The United Nations Declaration of Human Rights was ratified in 1948, and with it enshrined privacy as a human right. Article 12 states that: “No one shall be subjected to arbitrary interference with his privacy, family, home or correspondence, nor to attacks upon his honour and reputation. Everyone has the right to the protection of the law against such interference or attacks.” However, Diggelmann & Cleis (2014, 441) note that this recognition at the global level was steps ahead of national regulations: “The ‘right to privacy’ was recognised as an international human right before it was included in any state constitution.” This includes the United States’ constitution, as mentioned above.
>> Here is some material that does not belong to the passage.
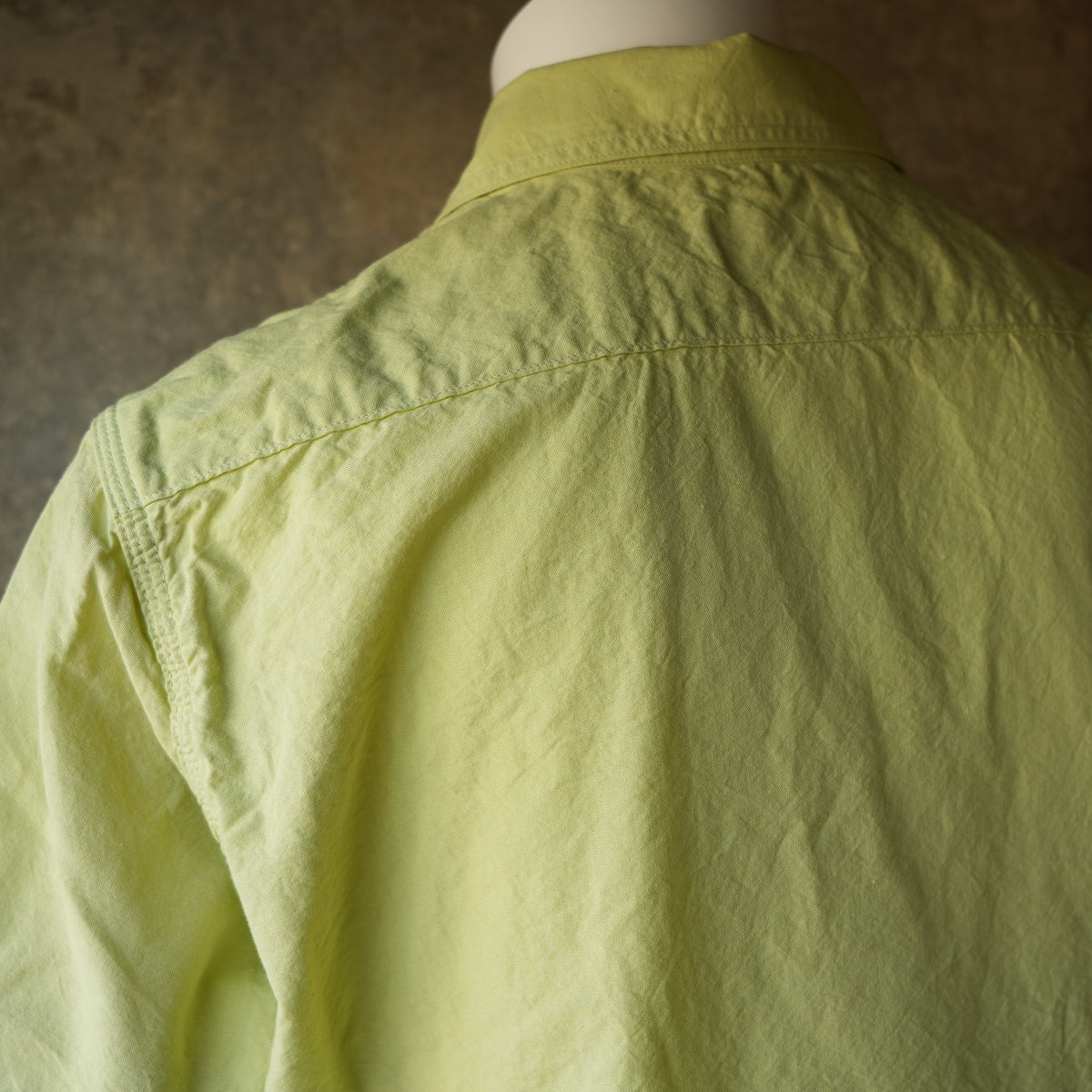 DELUXEWARE_WWS-33S_SHORT WORK SHIRT_GRNYEL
Through the drafting stages, the exact articulation of the right was contested. The extent of privacy was especially variable — while in an early version, it was private life as a whole that was protected, in a later version it was only certain aspects, such as “the privacy of the home and of correspondence and respect for reputation,” to being completely eliminated. (Diggelmann & Cleis 2014, 445–446).

While there are no explicit notes that accompany the review process, Diggelman & Cleis speculate that these changes might have been purely editorial. Since many of the writers worked in different languages, translations and retranslations throughout the process might have affected the wording. It is interesting to think that at some points during the writing process, the extent of the guarantee of privacy as a human right hung in the balance of a translation process.
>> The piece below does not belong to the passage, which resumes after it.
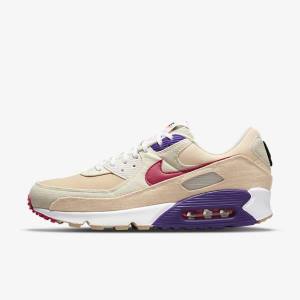 Men's Nike Air Max 90 Sneakers Pink | NK871EAW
The right to privacy and the emergence of technology

Despite this right being codified several decades ago, laws and rules that operationalise this right in our daily lives are often insufficient in today’s digital environment. In DeVries’ paper on protecting privacy in the digital age, he notes that the modern evolution of privacy regulation “is closely tied to the story of industrial-age technological development — from the telephone to flying machines.” (2003, 285). As technology evolved, so did privacy rights, attempting to limit the reach into our private lives enabled by these technological developments. However, in the past few decades, the pace of change became so fast that on-pace regulation became increasingly difficult.
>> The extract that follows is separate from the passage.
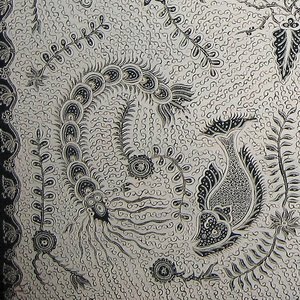 Traditional batik pesisir reference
Privacy policy did not evolve on pace with the Internet. One of the reasons that might account for that gap is the Internet’s original cyberpunk spirit. As Douglas Rushkoff noted in an article published by The Guardian, “Back in the 1990s, we cyberpunks saw the law as the enemy. […] What we didn’t realise was that pushing government off the net made it entirely safe for corporations, and a new form of digital capitalism was born.” What quickly became apparent is that the regulation vacuum where government regulation usually existed as a watchdog of consumer protection was being occupied by companies who regulated with self-interest as their priority.

Top image by Backbone Campaign (CC BY) / Bottom image by Chris Monk (CC BY)

The right to privacy has always been and continues to be unequally applied. The ever-increasing digitisation of our everyday lives has contributed to normalising abuses of privacy, but abuses in themselves are not new. Moreover, the concentration of power in the hands of a few powerful decision-makers, which we have largely allowed to self-regulate, and in result, regulate the web, results in a lack of transparency. While there is a lot of discussion about the importance of protecting our privacy in the digital age, there is a discrepancy between actions and attitudes. To protect our human right to privacy, it’s important to consciously work to close that gap, and hold those who decide how data about us is handled accountable.